Every evening, Everlyn Ayo left her village in northern Uganda, joining thousands of so-called night commuters hoping to escape the horrors of Joseph Kony and his Lord’s Resistance Army.
The messianic Kony, whose case is being heard by the International Crime Court (ICC) from Tuesday, led one of the world’s most barbaric insurgencies, massacring and mutilating tens of thousands, kidnapping children to turn them into soldiers or sexual slaves.
Ayo saw this brutality first-hand when Kony’s forces attacked her school in Nwoya district when she was around five years old.
'The rebels raided the school, killed and cooked our teachers in big drums and we were forced to eat their remains,' she recounted from her home in Gulu.
Twenty years ago, Kony became the first person ever issued with an arrest warrant by the ICC, though his war crimes hearing will be in absentia since he has never been caught.
Ayo, now 39, will follow the case on her radio, thousands of miles from The Hague.

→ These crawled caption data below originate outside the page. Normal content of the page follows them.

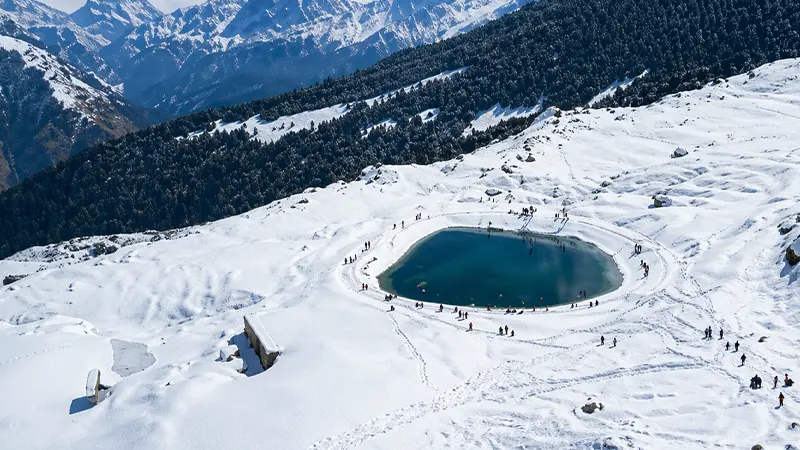 Frozen Alpine Waterbody Snowy Landscape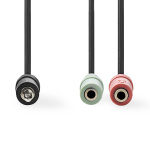 Nedis Stereo-Audiokabel | 3,5 mm Male | 2x 3,5 mm Female | Vernikkeld | 0.20 m | Rond | Zwart | Envelop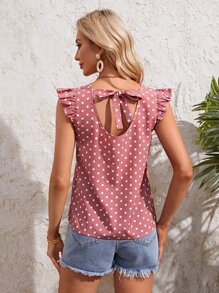 SHEIN LUNE Áo sơ mi nữ Xù Buộc lại Chấm bi Giải trí - Bụi hồng - Xem 3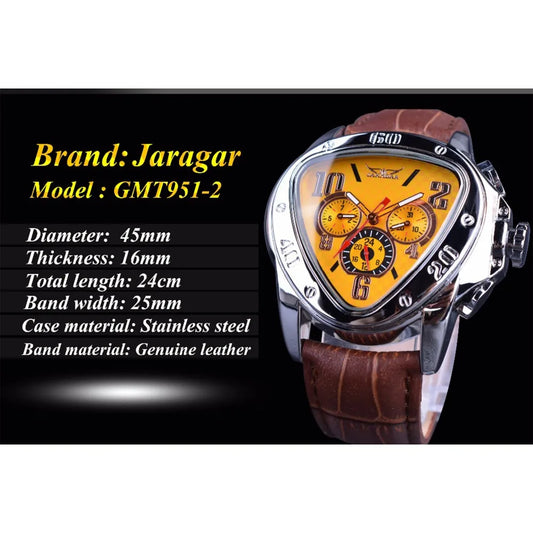JARAGAR 951 Top Class Men's Mechanical Watches Design Leather Strap Three Needles Automatic Waterproof Mechanical Watch for Men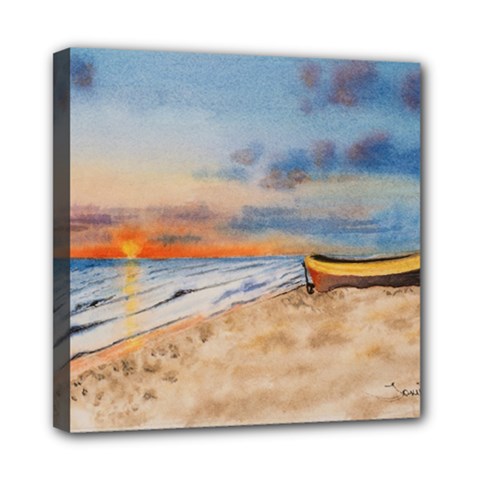 Sunset Beach Watercolor Mini Canvas 8  X 8  (framed) by TonyaButcher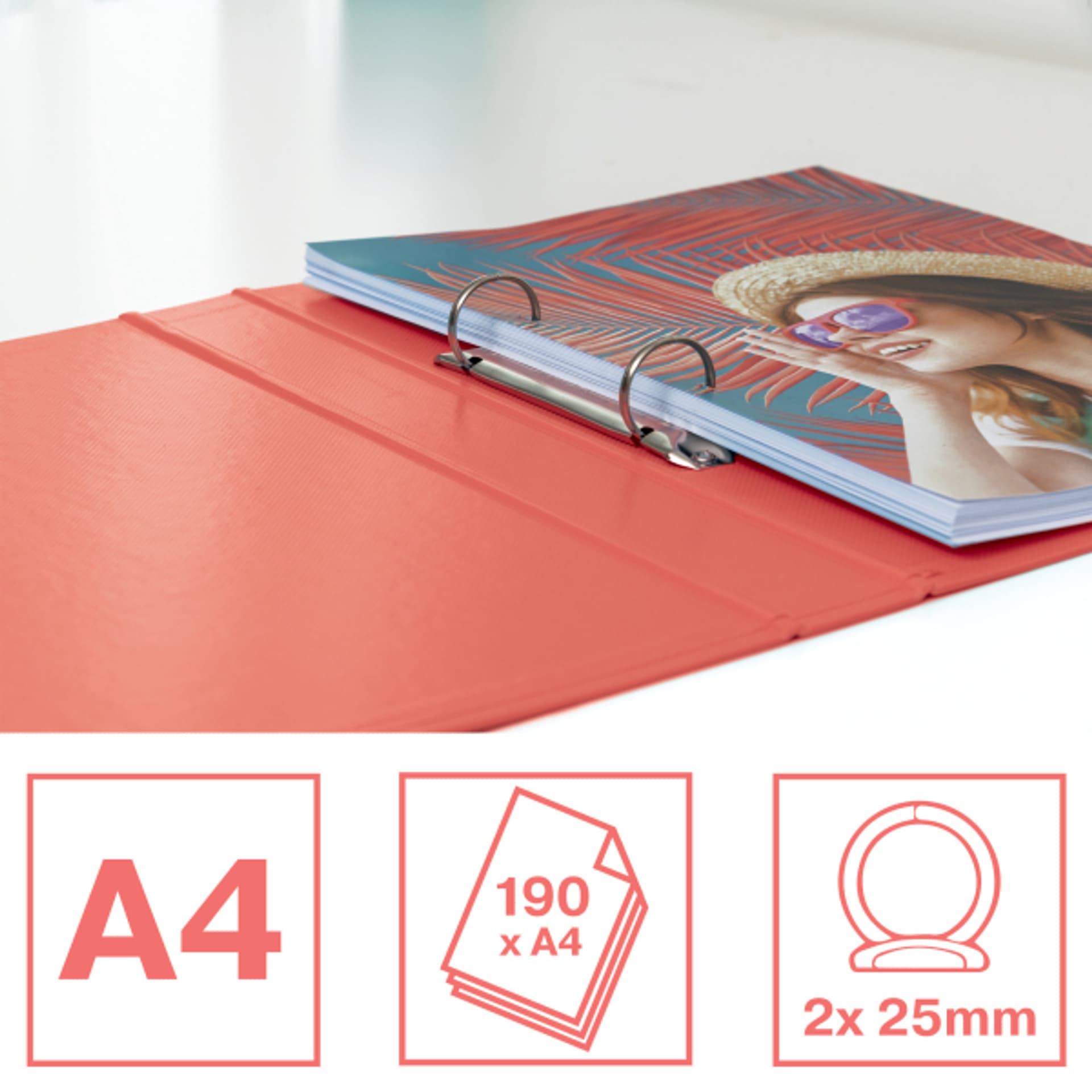 

Segregator ringowy Esselte Colour`Breeze 2 ringi koralowy 628433
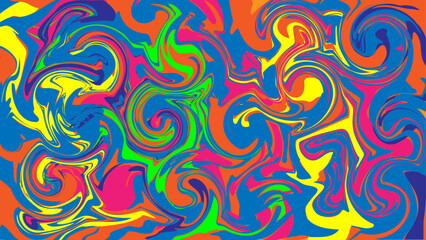 Abstract drawing in fluid art style, vector painting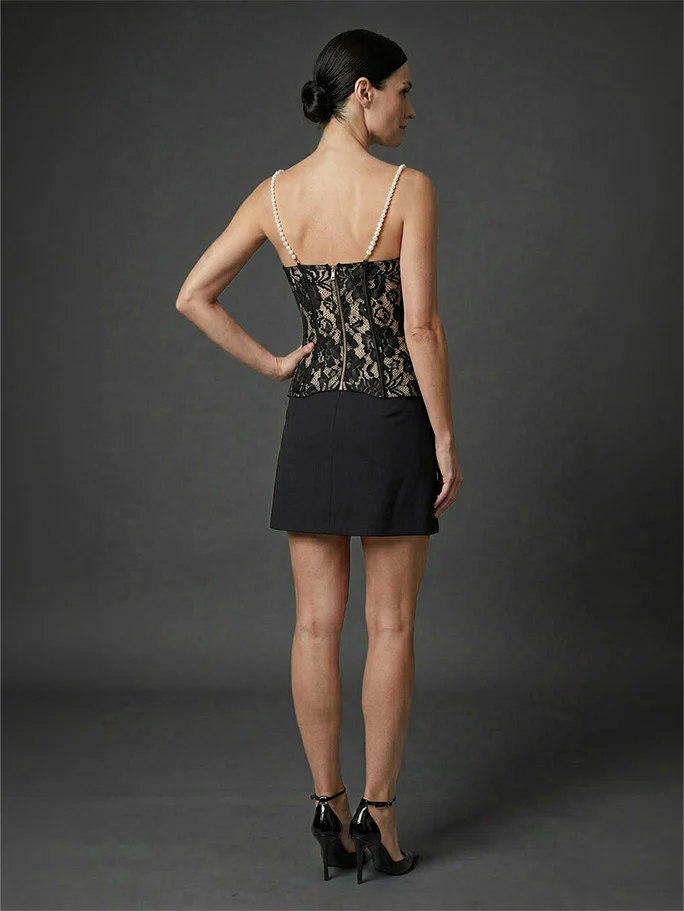 Odette Black Soft Net Solid Corset Top For Women - Image 3
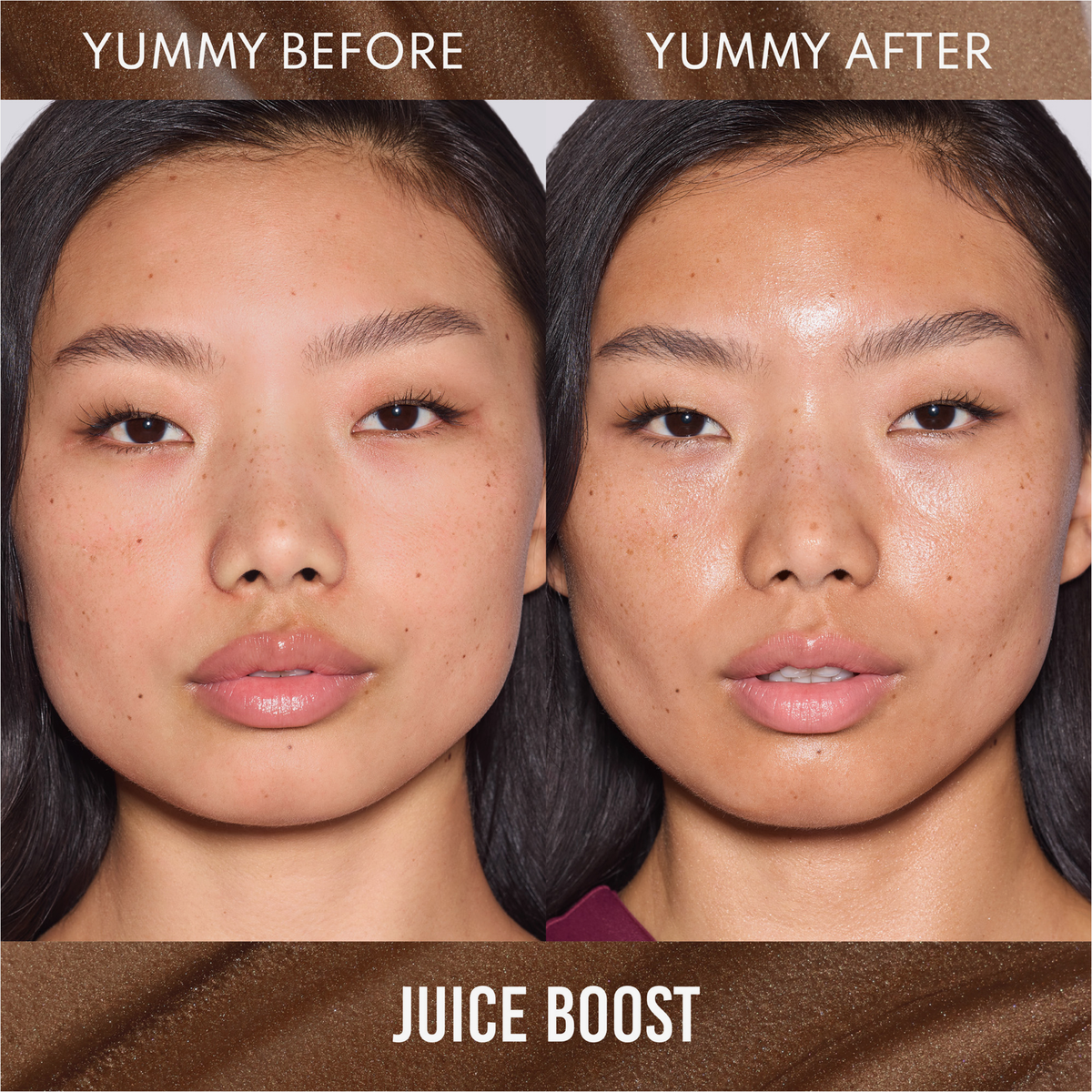 Nahaufnahme des Gesichts einer Frau vor und nach der Anwendung von Danessa Myricks Beauty Yummy Skin Glow Serum Juice Boost, die ihre deutlich strahlendere Haut hervorhebt.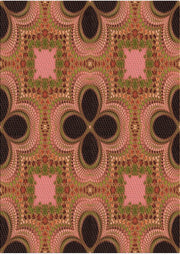 5' x 8' multi color geometric botanical area rug close-up showing pink, olive green, brown, and black floral-inspired geometric pattern.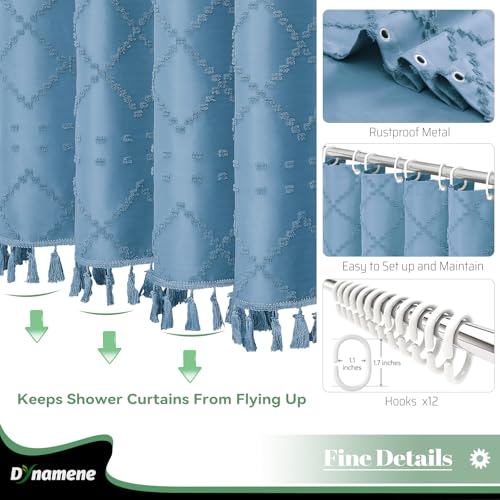 Dynamene Moonlight Blue Fabric Shower Curtain, Boho Tufted Geometric Striped Tassel Bathroom Shower Curtain, Shabby Chic Textured Farmhouse Waterproof Cloth Shower Curtain Set, Wrinkle Free, 72x72 by Dynamene - Image 5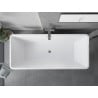 Mexen Tava freestanding ribbed bath 170 x 75 cm, white, chrome overflow - 52851707500-01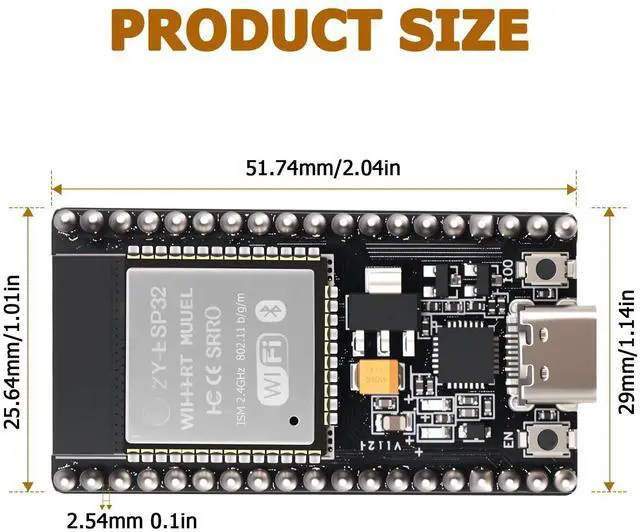 Alt view image 5 of 5 - 5PCS ESP32 Development Board, LUIRSAY ESP32 DevKit with 2.4GHz WiFi + Bluetooth Dual Core, CP2102 Chip, ESP32 USB-C Port, Support AP/STA/AP+STA, for Arduino IDE (38Pin)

After her school was attacked, Ayo’s family sent her to relatives in a remote village but soon became night commuters themselves, walking around five kilometers each day through forests and jungles to stay in towns or shelters where they hoped there was less risk of being kidnapped by Kony’s forces.
'We would leave the villages at 4:00 p.m., because the distances were long and we feared the villages at night.
In the morning, we had to wait for daylight at around 8:00 am to return,' Ayo recalled.
The shelters were sporadically guarded by government troops, though they often abandoned their posts out of fear.
'We were so many children that even if you did not cover yourself at night, you did not feel cold because we were squeezed together,' she remembered.
Each morning, after walking for hours, new horrors awaited them.
'Many times on our return to the village, we would find blood-soaked dead bodies.
Seeing all that blood as a child traumatized my eyes.
For many years now, I do not see well; all I see is blood.'
Wilfred Lalobo, 60, showed AFP a monument in Lukodi for 69 people killed by Kony’s forces on May 19, 2004.
When the rebels arrived, the few government troops fled.
'Then they started killing civilians,' he said.
'Some were stabbed with bayonets, others hacked and some burned alive in their houses.'
Kony's trial will be followed closely here, particularly by those who have sought to rebuild their shattered lives.
Stella Angel Lanam was 10 when she was captured by the LRA, becoming a child soldier after being indoctrinated by the insurgents.
She spent nine years in captivity and is now the director of an initiative offering support to victims.
Lanam said the trial offered some justice for Kony's many victims.
Ayo worries that the world has too quickly forgotten the trauma inflicted by Kony’s forces.
'Joseph Kony should be punished severely in a way that the world will never forget,' she insisted.